Content starts

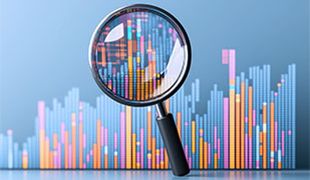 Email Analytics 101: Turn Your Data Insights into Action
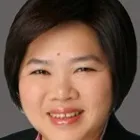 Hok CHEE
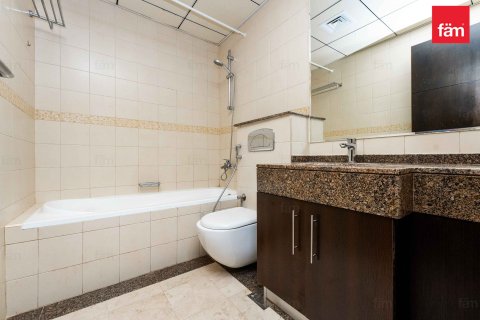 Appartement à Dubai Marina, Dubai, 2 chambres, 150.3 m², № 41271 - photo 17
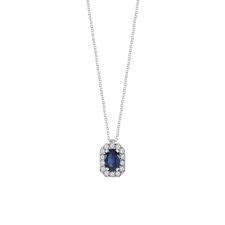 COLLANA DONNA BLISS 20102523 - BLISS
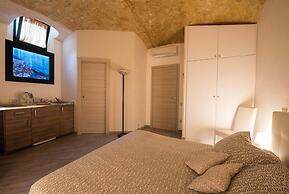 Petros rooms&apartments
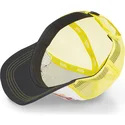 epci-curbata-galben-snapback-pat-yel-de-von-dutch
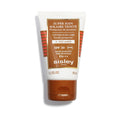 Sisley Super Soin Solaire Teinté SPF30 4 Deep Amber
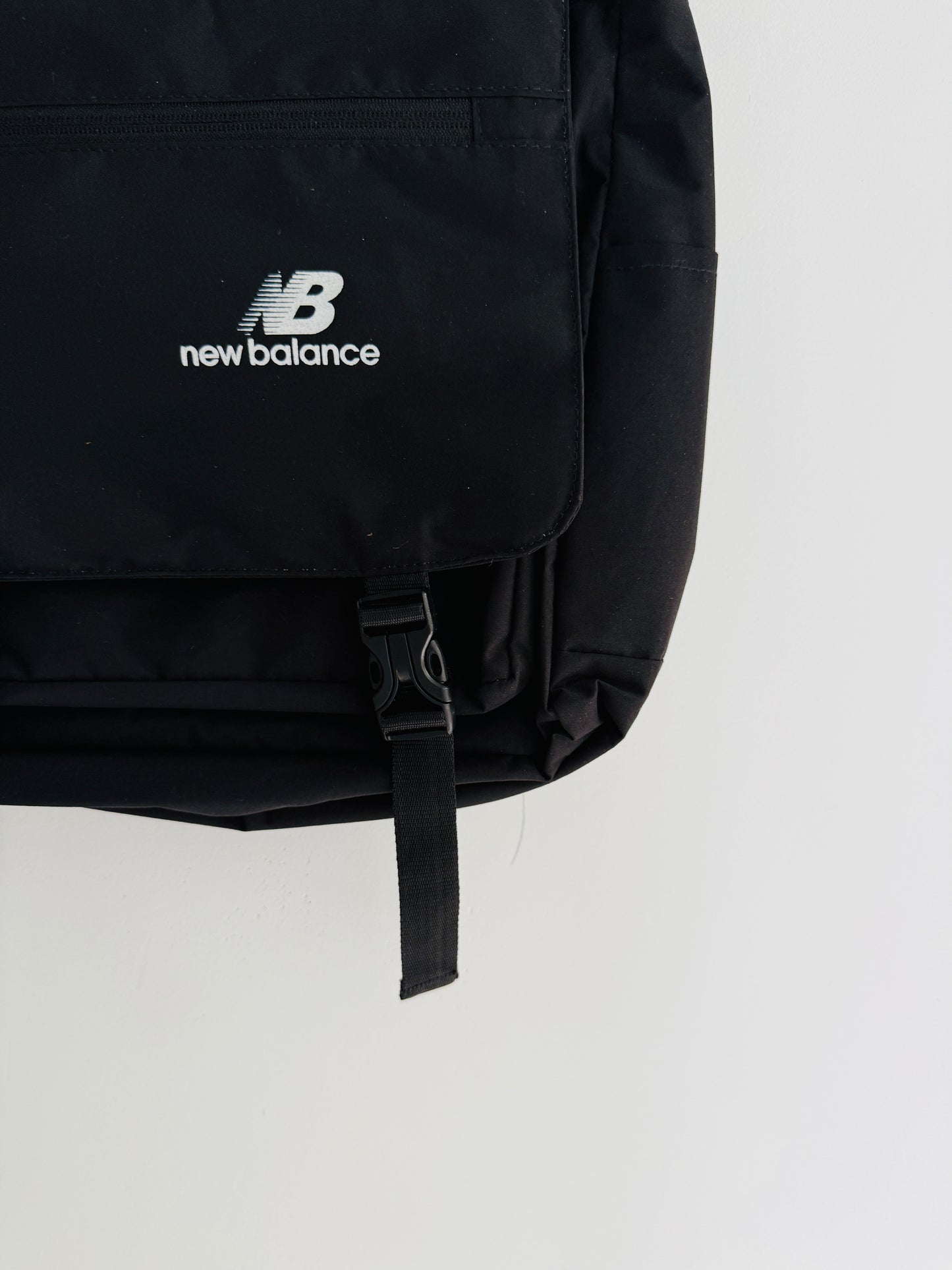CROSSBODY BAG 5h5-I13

Content ends
Content starts

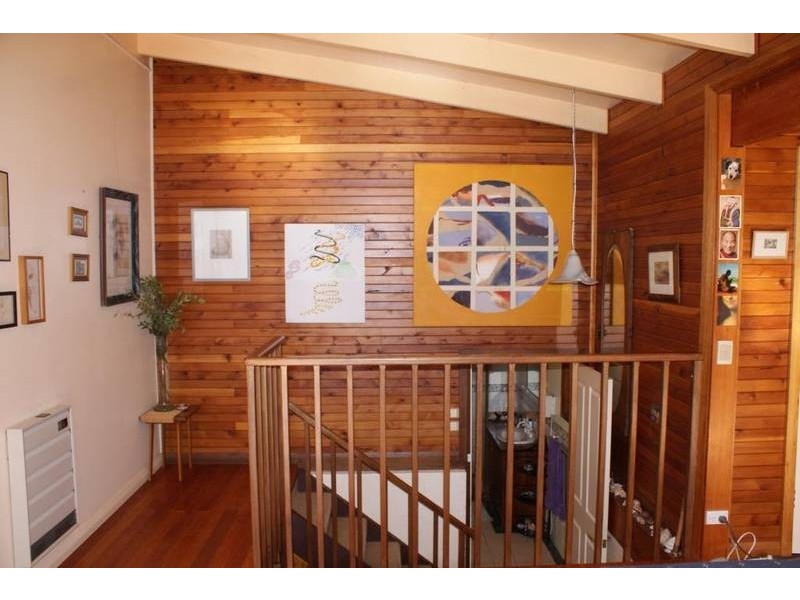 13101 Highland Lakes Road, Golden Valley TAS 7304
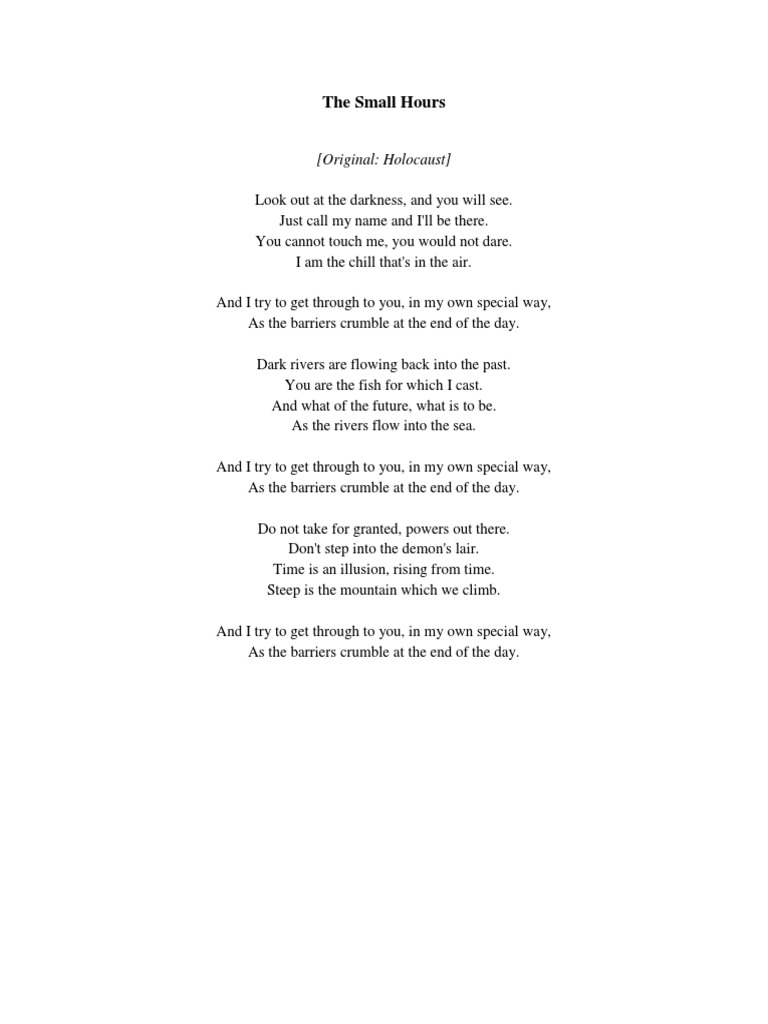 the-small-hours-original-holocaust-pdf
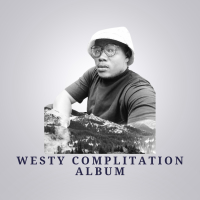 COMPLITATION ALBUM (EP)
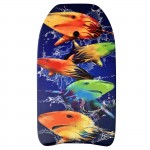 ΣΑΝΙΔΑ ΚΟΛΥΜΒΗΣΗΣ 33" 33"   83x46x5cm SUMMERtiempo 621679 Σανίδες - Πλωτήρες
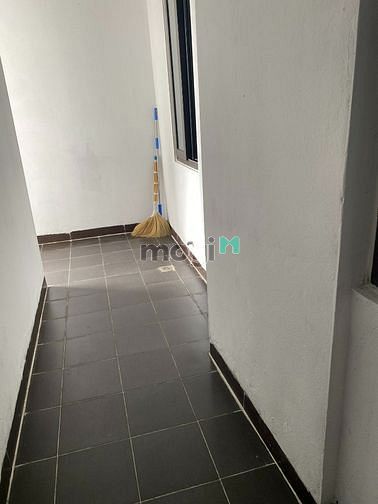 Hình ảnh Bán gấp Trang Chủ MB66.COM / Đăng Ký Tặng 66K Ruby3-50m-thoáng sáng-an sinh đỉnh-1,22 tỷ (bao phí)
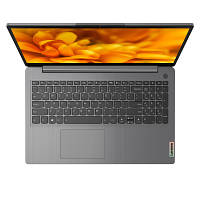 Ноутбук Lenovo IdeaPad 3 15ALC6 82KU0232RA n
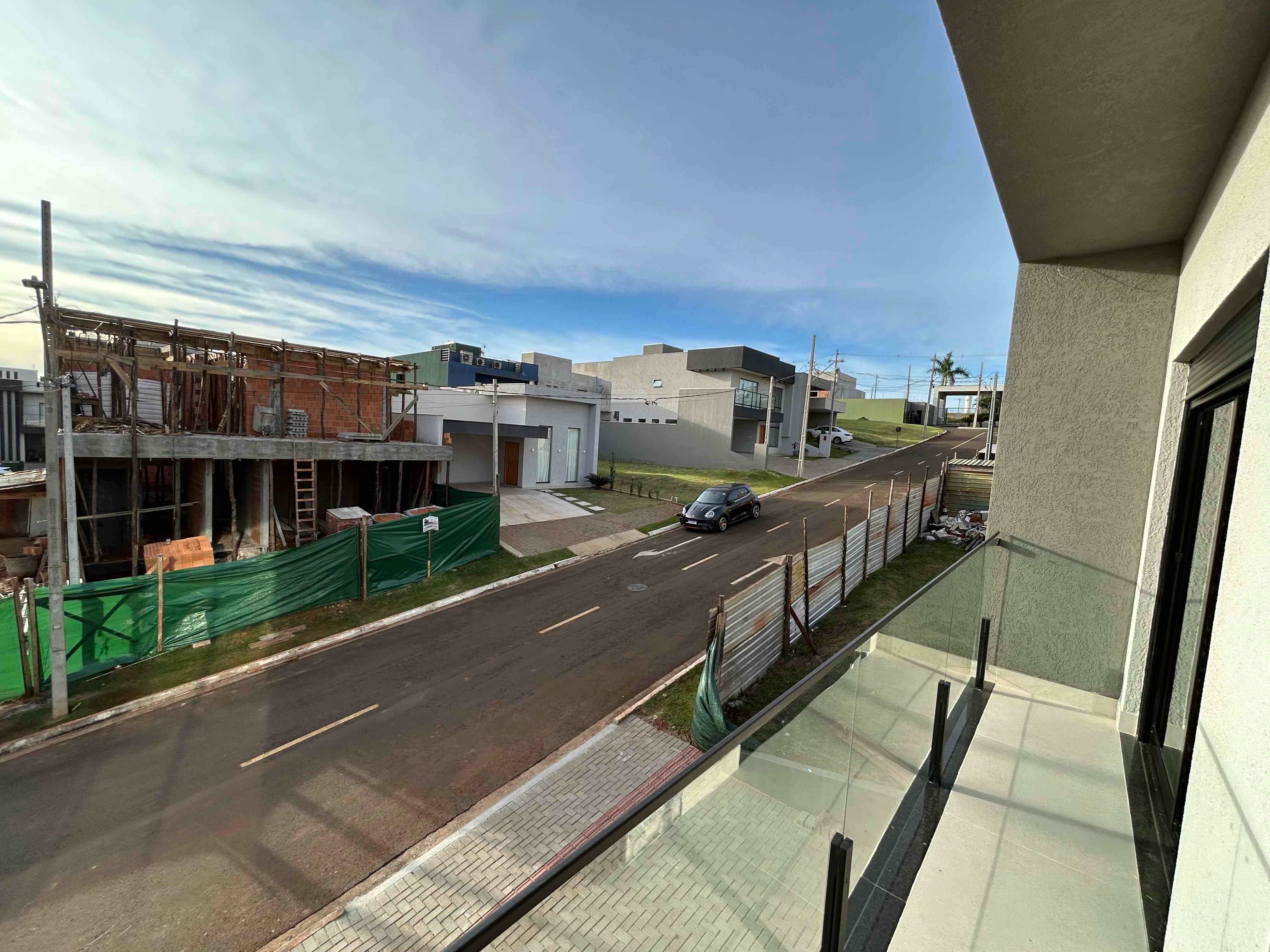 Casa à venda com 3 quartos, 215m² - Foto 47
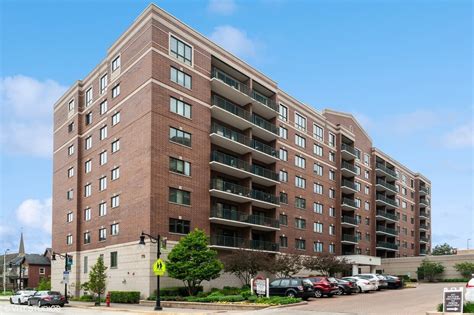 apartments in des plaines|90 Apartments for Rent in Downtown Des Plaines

Content ends
Content starts

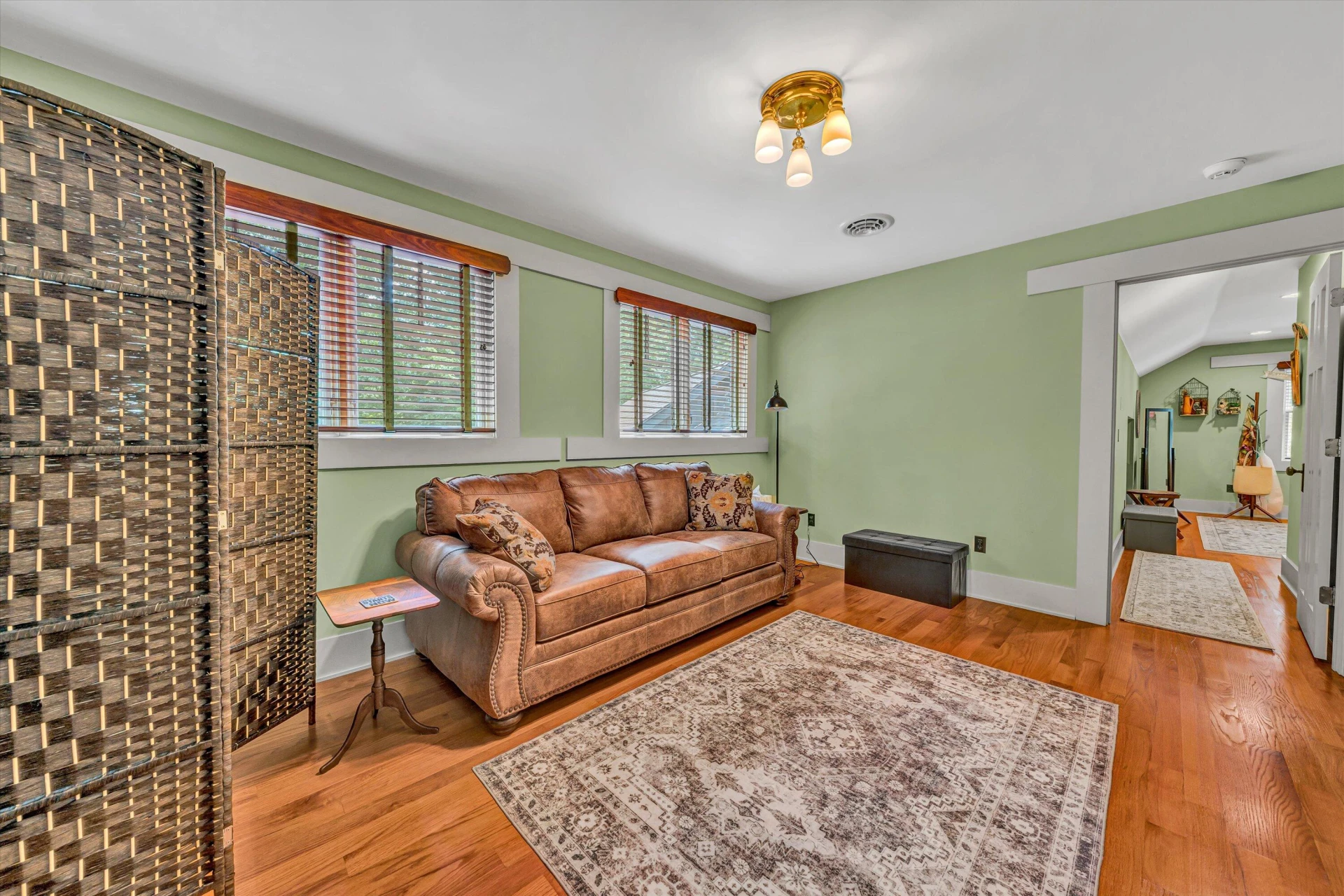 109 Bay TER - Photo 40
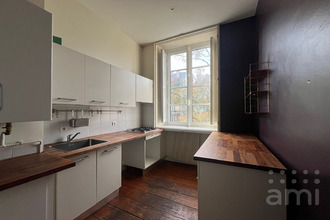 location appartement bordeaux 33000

Content ends

▸ Task goal: Write out exactly the run of lines above that starts at the line containing "109 Bay TER - Photo 40" and ends at the line containing "location appartement bordeaux 33000". Include both, and leave the pictures out.

▸ Finished exercise:
 109 Bay TER - Photo 40
 location appartement bordeaux 33000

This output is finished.